[THE RECORDS]:
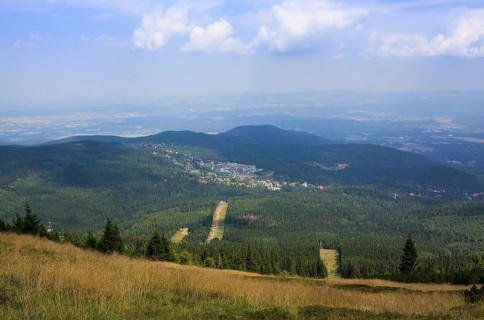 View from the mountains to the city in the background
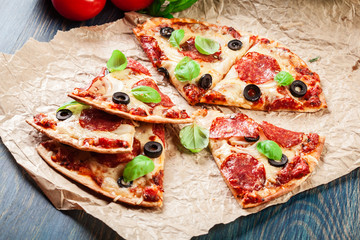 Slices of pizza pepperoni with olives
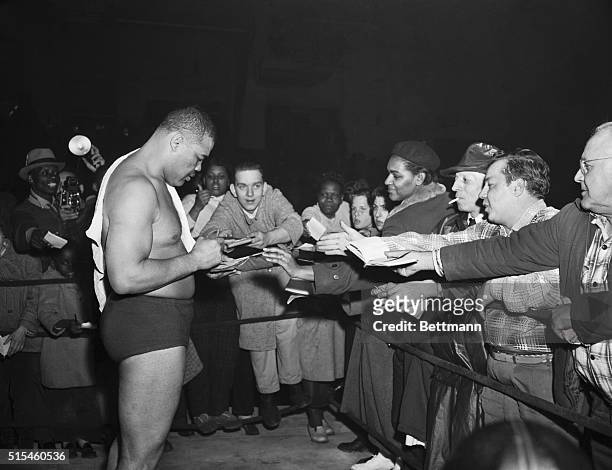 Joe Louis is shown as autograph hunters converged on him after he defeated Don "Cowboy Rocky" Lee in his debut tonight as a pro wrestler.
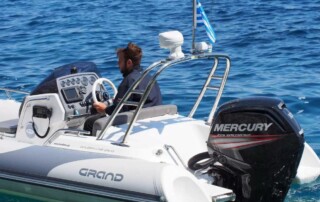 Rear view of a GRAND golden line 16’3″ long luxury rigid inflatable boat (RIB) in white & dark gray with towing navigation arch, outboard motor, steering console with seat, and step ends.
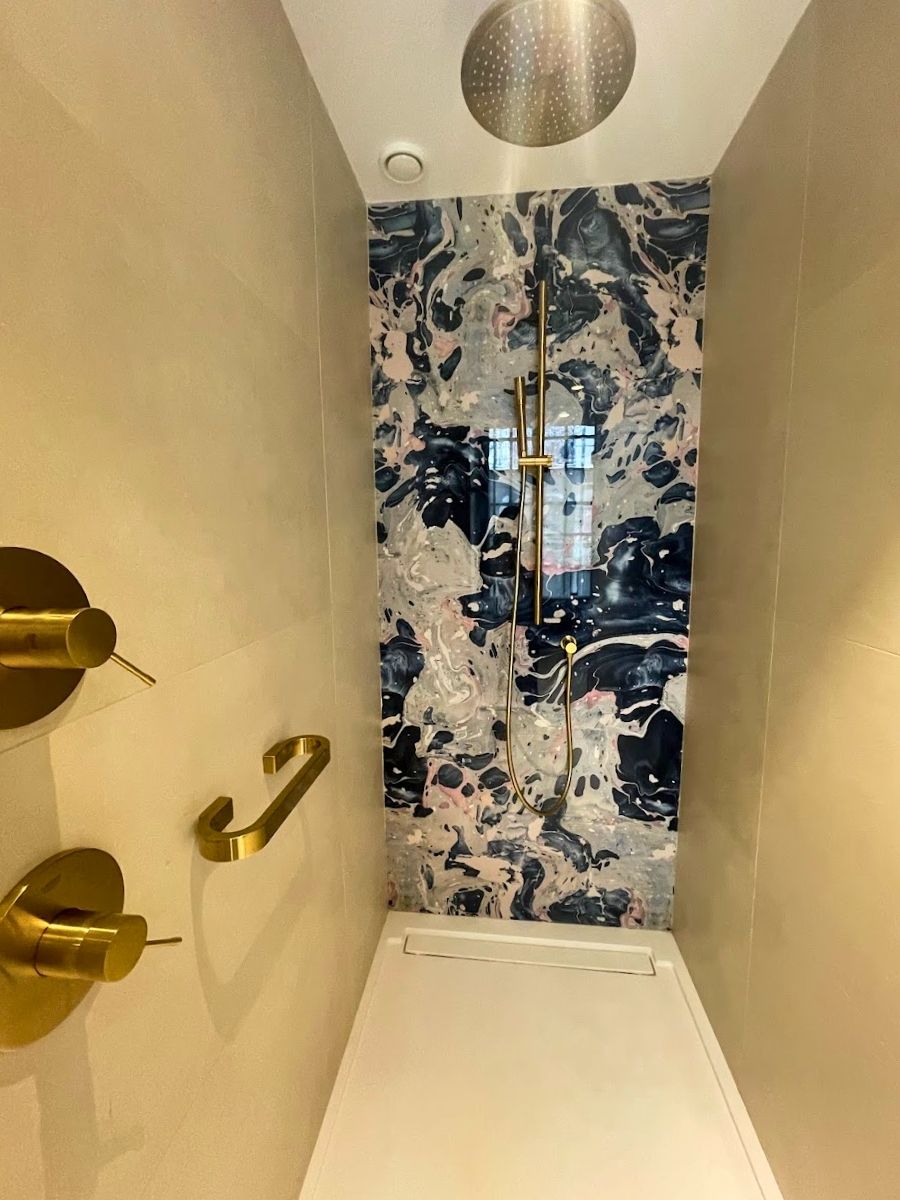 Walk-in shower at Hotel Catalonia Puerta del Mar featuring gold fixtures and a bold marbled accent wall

[WHAT YOU SHOULD DO]: Write out again only the lines from the line that contains "Joe Louis is" through the last line of the records, both ends included, without any of the pictures.

[REPLY]:
 Joe Louis is shown as autograph hunters converged on him after he defeated Don "Cowboy Rocky" Lee in his debut tonight as a pro wrestler.
 Rear view of a GRAND golden line 16’3″ long luxury rigid inflatable boat (RIB) in white & dark gray with towing navigation arch, outboard motor, steering console with seat, and step ends.
 Walk-in shower at Hotel Catalonia Puerta del Mar featuring gold fixtures and a bold marbled accent wall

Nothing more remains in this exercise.